In 1970 or thereabouts, the musical Hair came to Seattle. My boyfriend and I got tickets. My boyfriend was an amateur musician, and had done his own guitar arrangements for Let the Sunshine In, which he thought was pretty good – he often played it at parties. I loved to sing I Met a Boy Called Frank Mills, and although I had been told I had a good voice, I wasn’t as confident as my boyfriend, so I only sang at home, never at parties.
The night before we went to see Hair, I washed my own hair, and when it was still wet I braided it in tiny braids all over my head. At that time my hair hung nearly to my waist and it was my idea to have a huge honey-brown “Afro” type hairdo. Sure enough, the next day when my hair was dry and I undid the braids, my cloud of hair stood out about a foot from my face.
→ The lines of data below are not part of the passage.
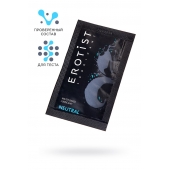 Пробник лубриканта на водной основе Erotist Neutral - 4 мл. - Erotist Lubricants - купить с доставкой в Черкесске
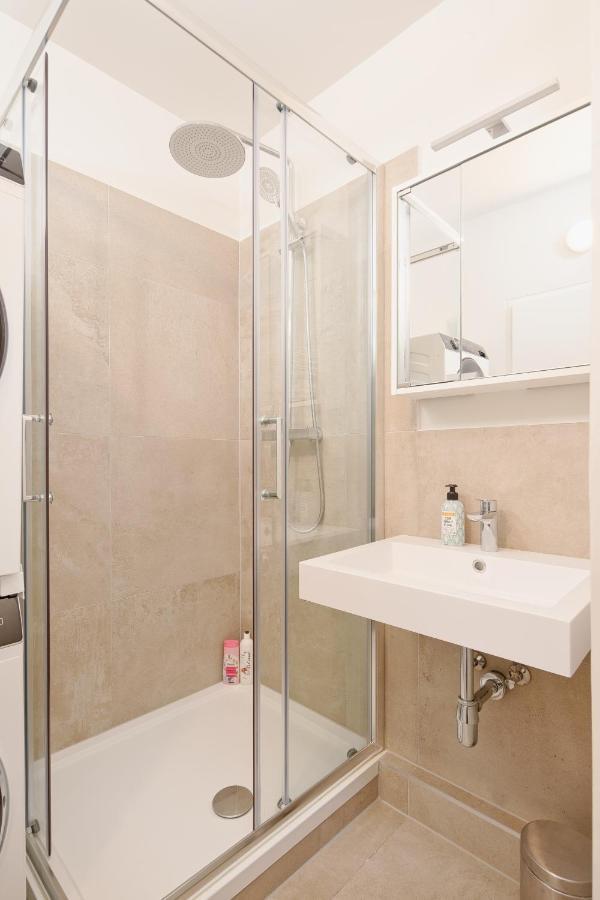 Whats-App Self-Check-In - Gemuetliches Studio Viena Exterior foto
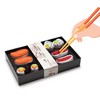 Dooky Sushi Baby Socks in a Gift Box (4 Pairs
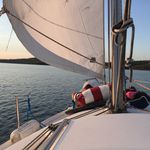 David E. Strecker - @skiatooksailor - Instagram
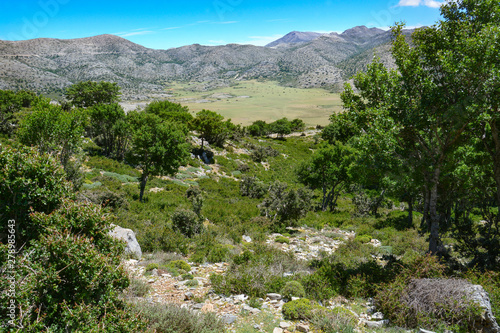 Kreta Nida Hochebene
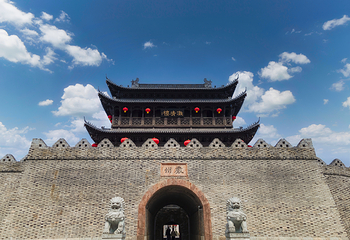梅城古镇第 1 张图片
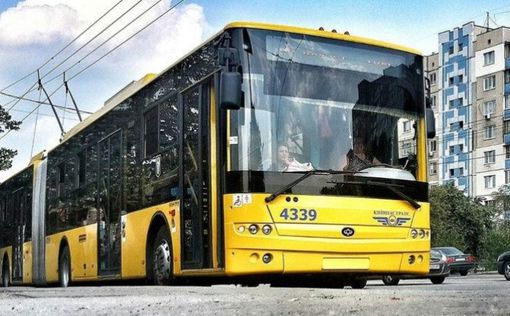 ЕБРР поможет купить новые троллейбусы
It was a statement – of what, I’m not sure, but I was pleased with my appearance, which I augmented with dangly beaded earrings, a peasant style long dress, and a leather vest with fringes. On my face I wore no make-up, but I did wear my John Lennon-type wire-rimmed glasses. My boyfriend wore a headband around his hair, which was already curly and unruly, and hung to his shoulders. His vest had fringes too.
Arriving at the theater, we stood in a huge crowd of excited hippies, most of them stoned out of their heads. I was totally straight and sober that night, because I thought I might be pregnant, and although I certainly didn’t look it, at heart I was responsible. It was a lonely feeling. But I loved the musical although its storyline was weak, and the famous nude scene was anti-climactic. The next day my hair wasn’t quite so beautiful so I washed it and thus ended my Afro style – way too much trouble. I wasn’t pregnant, either.